Et ici, il ne faut pas qu’il y ait de méprise : nous n’entendons nullement, nous qui sommes internationalistes… […] Vous entendez bien que ce n’est pas nous qui voulons éveiller entre les travailleurs manuels des différents pays les animosités d’un chauvinisme jaloux ; non, mais ce que nous ne voulons pas, c’est que le capital international aille chercher la main d’œuvre sur les marchés où elle est le plus avilie, humiliée, dépréciée, pour la jeter sans contrôle et sans réglementation sur le marchais français, et pour amener partout dans le monde les salaires au niveau des pays où ils sont au plus bas.

C’est en ce sens, et en ce sens seulement, que nous voulons protéger la main d’œuvre française contre la main d’œuvre étrangère, non pas, je le répète, par un chauvinisme d’esprit, mais pour substituer l’internationale du bien-être à l’internationale de la misère.

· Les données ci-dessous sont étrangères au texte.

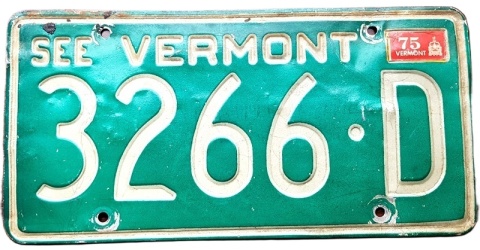 Vermont 1975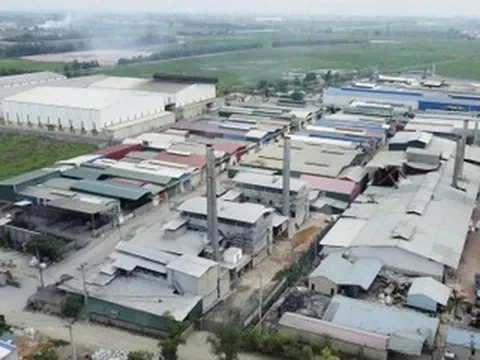 Ô nhiễm làng nghề: Nỗ lực cải tạo, hồi phục những ‘vùng đất chết’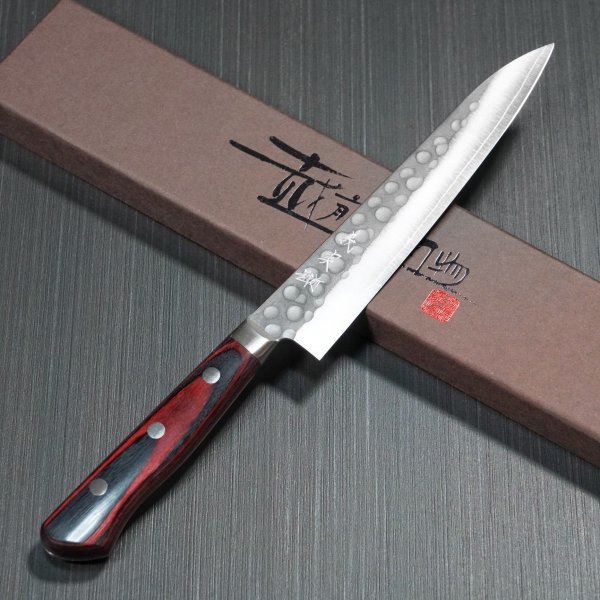 た*と様 蛸引包丁、柳刃包丁 3本まとめて 堺久光、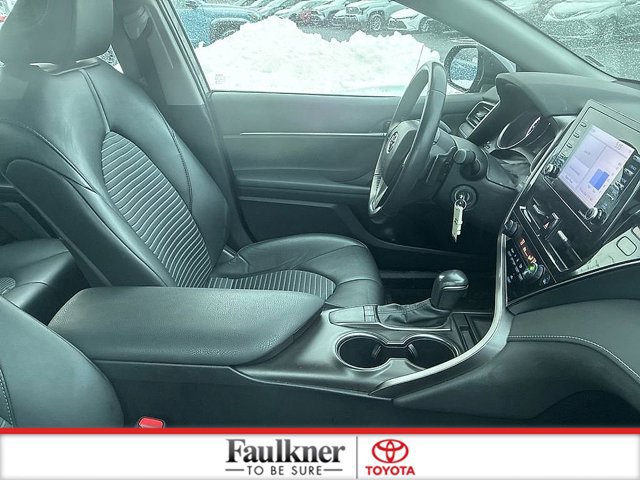 Certified 2024 Toyota Camry SE image 20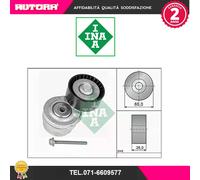 534010120 Tendicinghia, Cinghia Poly-V (MARCA-INA)..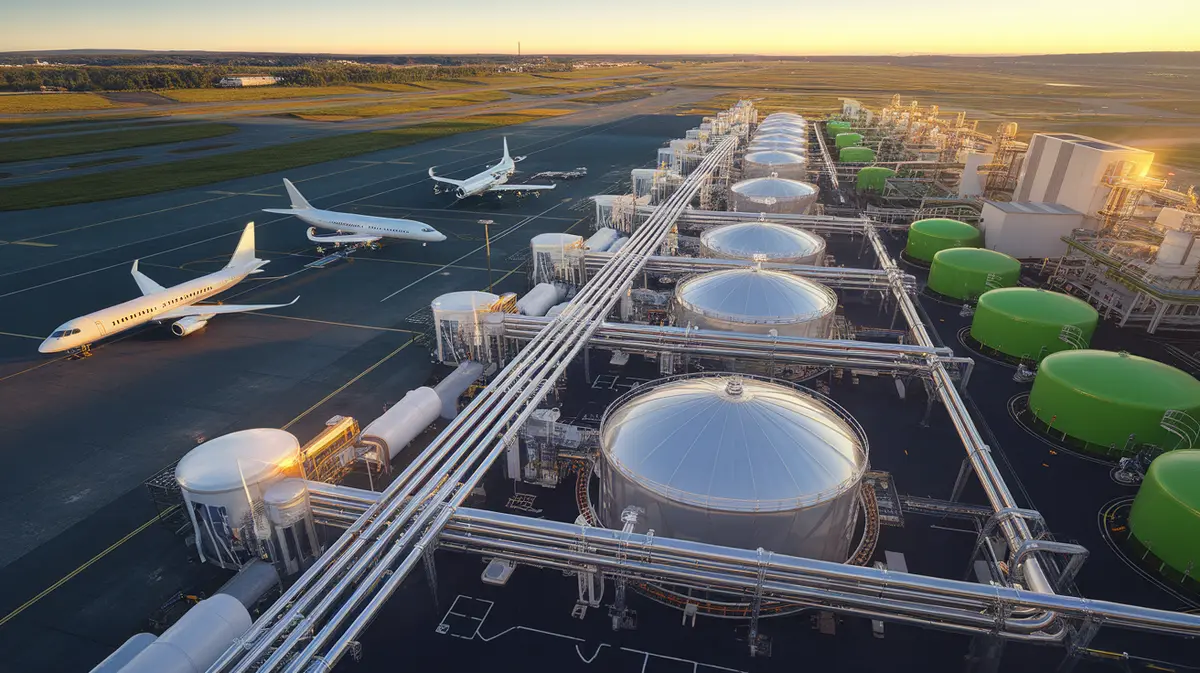 Sustainable Aviation Fuel in 2026: How Neste, LanzaJet, Twelve, and Infinium Are Turning Waste, CO2, and Green Hydrogen Into Jet Fuel That Cuts Flying&rsquo;s Carbon by Up to 80%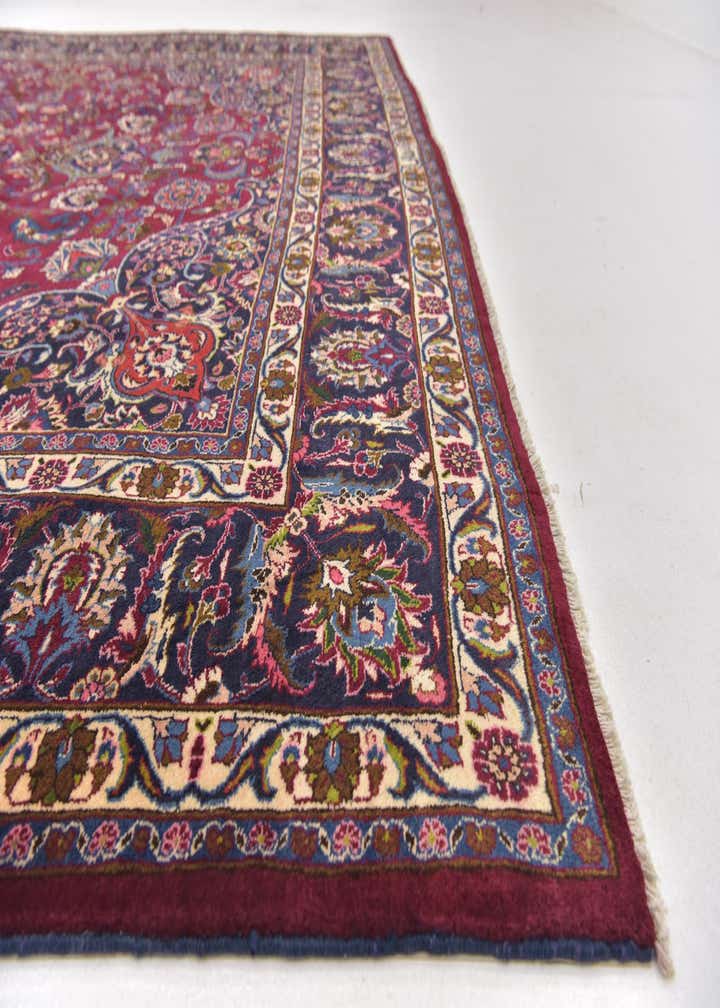 Detail image of rug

[…] je dis que l’allié le plus puissant du socialisme, dans l’ordre intellectuel bien entendu, c’est la doctrine protectionniste. Elle part absolument du même principe : réduite à la plus simple expression, elle affirme el droit et le devoir du gouvernement d’intervenir dans la distribution, dans l’emploi des capitaux ; elle affirme que le gouvernement a pour mission, pour fonction de substituer sa volonté qu’il tient pour la plus éclairée, à la volonté libre des individus. »

(Discours parlementaires. Recueillis et annotés par Edmond Claris. Tome premier, 1912, http://classiques.uqac.ca/classiques/jaures_jean/discours_parlementaires_t1/discours_parl_t1.html).

 

[4] Paul Boulland : « 28 septembre 1864 : naissance de l’Association Internationale des Travailleurs », Rétronews, 26/09/2017, https://www.retronews.fr/edito/28-septembre-1864-naissance-de-lassociation-internationale-des-travailleurs#.

 

[5] Par exemple, André-Jacques Holbecq sur Radio Ici et Maintenant, mi-mars 2012.

 

[6] Les organisations internationales (comme le Fonds Monétaire International, la Banque Mondiale) empêchent les cultures vivrières et promeuvent des cultures pour l'exportation envers les pays riches qui ne peuvent les produire, comme le coton au Mali, au Tchad, en Centrafrique. On empêche ainsi l'autosuffisance de ces pays pauvres.